- YOUR OBJECTIVE -
Using the listing below, reproduce exactly the lines from the one with "סוזוקי S-Cross" through the last, with all pictures left out.

- STORED DATA -
☆ ☆ ☆
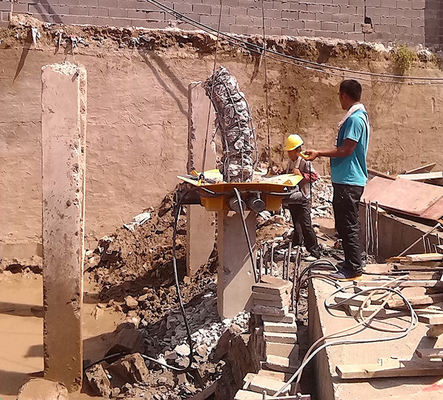 Excavator Attachment Hydraulic Square Pile Head Cutter Machine 600mm Pile Head Breaker
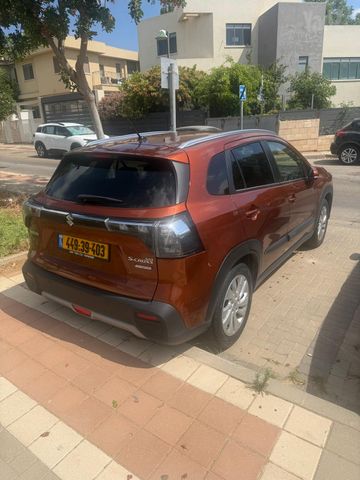 סוזוקי S-Cross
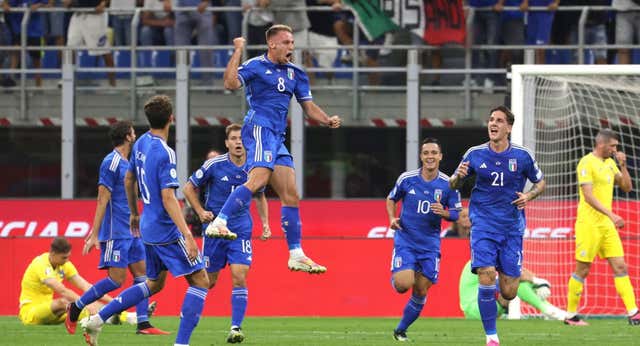 Italia gana en San Siro con un gran Frattesi y respira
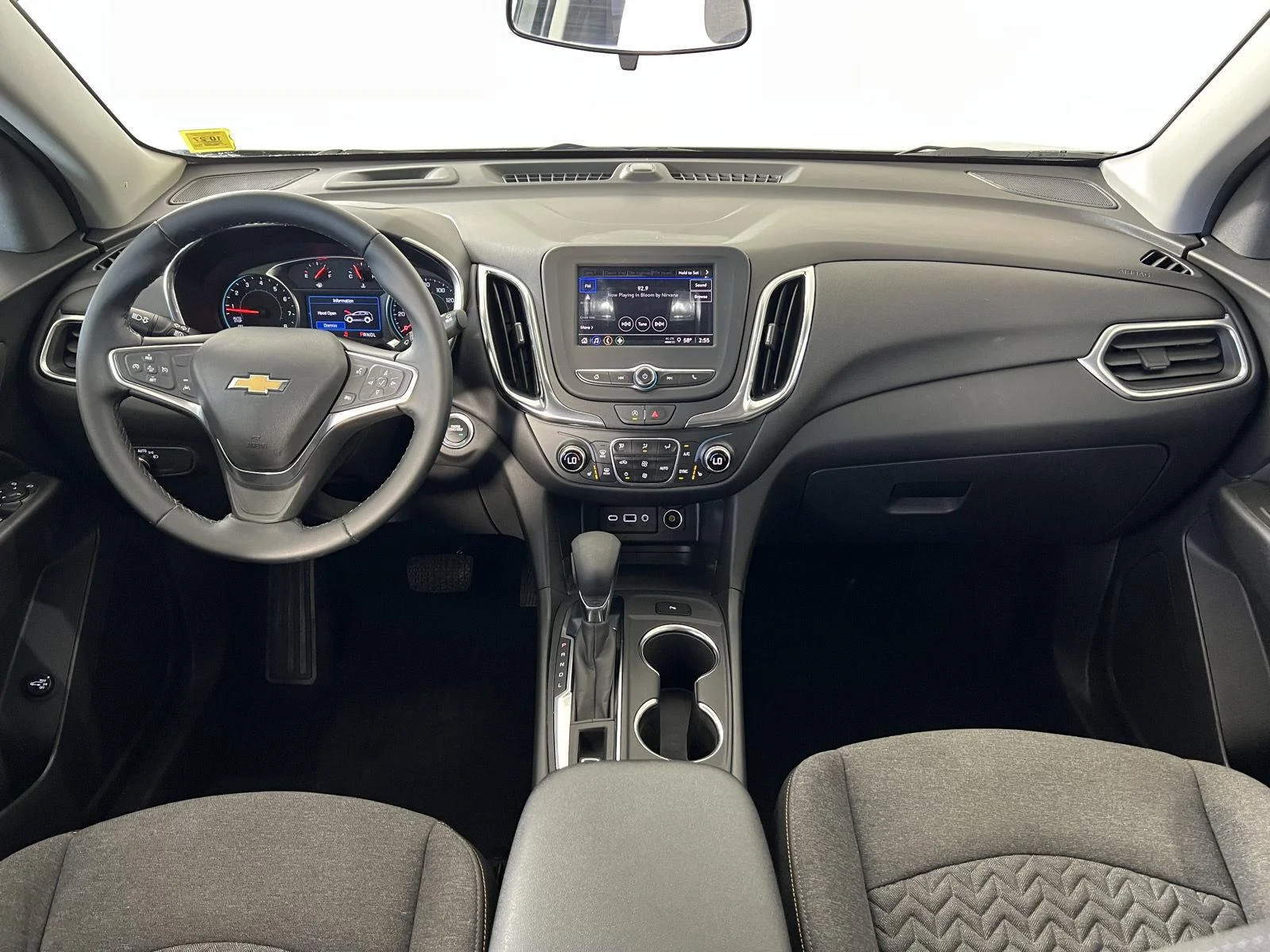 Used 2024 Sterling Gray Metallic Chevrolet LT image 18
☆ ☆ ☆
- ANSWER SPACE -
 סוזוקי S-Cross
 Italia gana en San Siro con un gran Frattesi y respira
 Used 2024 Sterling Gray Metallic Chevrolet LT image 18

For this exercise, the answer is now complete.